October 17, 2008

Increasing Code Coverage May Be Harmful

I should start by clarifying: I'm referring to increasing code coverage by running a code coverage tool, looking for untested code, and writing tests for it. Here's an example.

Let's say you run your test coverage report and you find the following method is not tested.

class BankAccount
  def masked_number
    ("*" * 8) + number.to_s[-4, 4]
  end  
end

It's easy to see what this method does. I can get 100% coverage in a few seconds.

describe "masked_number" do
  it "returns 8 asterisks followed by the
        last 4 characters of the account number" do
    account = BankAccount.new :number => 123456781234
    account.masked_number.should == "********1234"
  end
end

Is the method tested? Yes. Is it tested well? No. What is it supposed to return if there is no account number? What if the account number is longer than 12 digits - should it still return 8 asterisks, or should it return more? Because masked_number didn't have any tests, you have no idea if the author of the method considered these scenarios or not.

So let's say we assume that the original author of this method considered these possibilities and did the right thing. So we add a few more tests.

describe "masked_number" do
  it "returns 8 asterisks if the account number is blank" do
    account = BankAccount.new :number => nil
    account.masked_number.should == "********"
  end

  it "returns 8 asterisks followed by the
        last 4 characters of the number for a
        14 digit account number" do
    account = BankAccount.new :number => 12345678901234
    account.masked_number.should == "********1234"
  end
end

We now have 3 tests for this method, covering a few possible input values. Awesome. Maybe...

Now let's say a developer picks up a bug ticket from QA: "For an account number of length X, the account mask should show X - 4 asterisks and the last 4 digits of the account number. Right now it always shows 8 asterisks. For example, a 14 digit account number should have 10 asterisks."

So the developer decides to do TDD and write a test, but he or she notices the test that's already there. Now the quick thing to do would be to assume that the QA ticket is right and update the existing test. But that's not the responsible thing to do. If a test is there, indicating that a 14 digit account number should have 8 asterisks, somebody must have desired that behavior. Before changing the test and the code, the developer should find out who wrote the test. Does somebody else think it should be 8 asterisks?

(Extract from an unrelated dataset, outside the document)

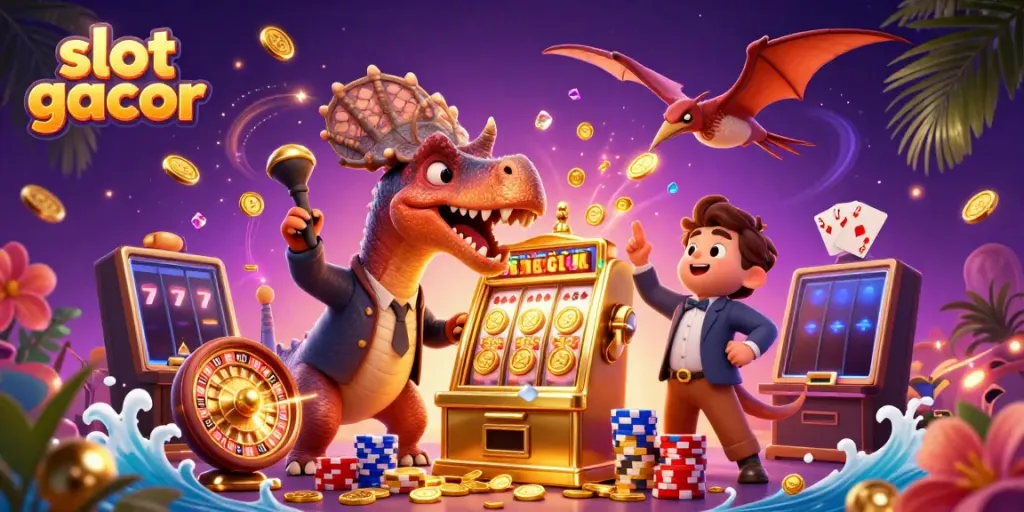 Experience thrilling gameplay with slot gacor as a cartoon pachycephalosaurus wins jackpot coins.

Does one part of the application always want 8, while another wants 10?

When faced with untested code, there are 3 approaches you can take, and all of them have drawbacks.

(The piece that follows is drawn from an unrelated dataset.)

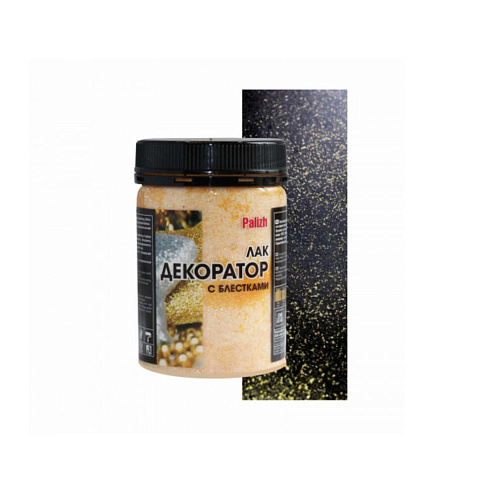 Лак декоративный Palizh с блестками, золото, 0,2л : фотография 1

(1) Thoroughly test the method.
Advantage: the method is now well tested.
Disadvantage: it may lead future developers astray by making something coincidental seem intentional.

(2) Do the minimal amount of testing to cover the method.
Advantage: the method has some basic tests for it.
Disadvantage: you're focused on the wrong goal. You should strive for well tested code, not 100% code coverage. There's a big difference.

(3) Don't test it until you can verify the requirements. Then thoroughly test it.
Advantage: avoiding the disadvantages of options 1 and 2.
Disadvantage: verifying the requirements can be time consuming, and until you do, you have untested code.

If the requirements aren't clear, in my opinion, it's a tough choice. The best option is to avoid all 3 by being disciplined with testing. But honestly, I'd lean towards not testing the method. If a developer comes across a bug in the untested method, then he/she should write a test for that bug. Working on the bug also provides a good opportunity to ask questions about the requirements. If a developer needs to change the method due to a new requirement, then he/she should write a test for the change. If a developer wants to refactor the method and wants to be sure that his refactoring doesn't break anything, he might want to reconsider. Yes, poor test coverage inhibits refactoring.

Essentially, what I'm saying is that trying to increase test coverage by looking for untested code and writing tests for it may be harmful due to the disadvantages listed under approaches #1 and #2.

Keep in mind that tests can never guarantee correct requirements were implemented. But if you see a test that says 1 + 1 should be 3, you shouldn't change it until you find out more about why it's that way. Similarly, 100% coverage never guarantees that the code is well tested. But doing the minimum amount of effort to cover code makes the team less confident in the tests. I'd rather have 90% coverage, and feel that the 90% is a solid, well tested, 90%, than have 100% but feel that most of the code isn't well tested.